On the night before the infamous “foreign agents” law came into force back in 2012, unknown individuals sprayed graffiti reading, “Foreign Agent! ♥ USA” on the buildings hosting the offices of three prominent NGOs in Moscow, including Memorial. © 2012 Yulia Klimova/Memorial


In the 659-page World Report 2016, its 26th edition, Human Rights Watch reviews human rights practices in more than 90 countries. In his introductory essay, Executive Director Kenneth Roth writes that the spread of terrorist attacks beyond the Middle East and the huge flows of refugees spawned by repression and conflict led many governments to curtail rights in misguided efforts to protect their security. At the same time, authoritarian governments throughout the world, fearful of peaceful dissent that is often magnified by social media, embarked on the most intense crackdown on independent groups in recent times.

By the end of 2014, authorities had used a 2012 law targeting advocacy groups that accept foreign funding to label more than 100 nongovernmental organizations as “foreign agents,” including the country’s leading rights groups, and slapped many with hefty fines. Over a dozen organizations opted to close rather than bear the stigmatizing label.

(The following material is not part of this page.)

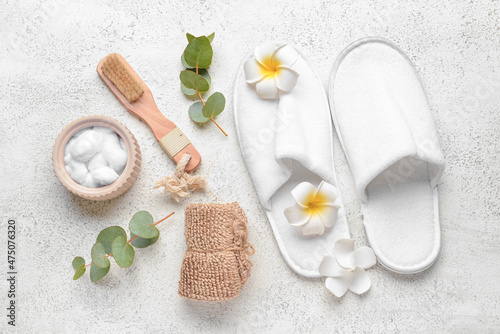 Composition with bath supplies for massage and slippers on light background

In November 2015, the Justice Ministry accused one of Russia’s most outspoken and prominent human rights groups, the Memorial Human Rights Center, of undermining the country’s “constitutional rule,” among other allegations that could result in criminal charges against Memorial’s leadership. The action also sends a chilling signal to other groups on the “foreign agents” list.

In March, parliament adopted a law on “undesirable foreign organizations” that authorizes the extrajudicial banning of foreign groups that allegedly undermine Russia’s security, defense, or constitutional order. Russians who maintain ties with “undesirables” or share their materials with Russian audiences face penalties, including prison terms.

The government stepped up its suppression of online communications and authorities prosecuted several cases against those who voiced online criticism of Russia’s occupation of Crimea. A law that went into effect in September bans the storage of Russian Internet users’ personal data on foreign servers and requires foreign sites that collect such data to store it within Russia. International social networking sites, among others, could be blocked if they don’t comply.

Russia provided military and financial assistance to anti-government forces in eastern Ukraine but made no tangible attempts to rein in abuses by such forces. In August, a military court, in an apparent political move, found Oleg Sentsov, a Ukrainian filmmaker, and Olexander Kolchenko, a Ukrainian activist, guilty of operating an anti-Russian “terrorist organization” in Crimea, sentencing them to long prison terms. The trial of Nadezhda Savchenko, a Ukrainian pilot, on charges of premeditated murder in connection with the deaths of two Russian journalists in a shelling attack in eastern Ukraine in 2014 was deeply problematic.

The confrontation between Islamist insurgents and law enforcement agencies in the North Caucasus was fraught with human rights abuses. In Dagestan, police put Salafi Muslims on special watch lists, repeatedly detaining them and in some cases fabricating criminal cases against them. Police also raided Salafi mosques across Dagestan and conducted numerous abusive special operations.

The year was also particularly dire for human rights defenders, independent journalists, and lawyers in the North Caucasus. In Dagestan, unidentified men viciously beat a local human rights lawyer. Pro-government thugs destroyed the office of the Joint Mobile Group of Human Rights Defenders in Chechnya twice. In Ingushetia, security accused a leading local activist of anti-Russian sabotage.

Authorities have used use the country’s anti-lesbian, gay, bisexual, and transgender (LGBT) “propaganda” law to disrupt pro-LGBT rights events and harass LGBT people and their supporters. But the authorities largely failed to prosecute homophobic and transphobic violence.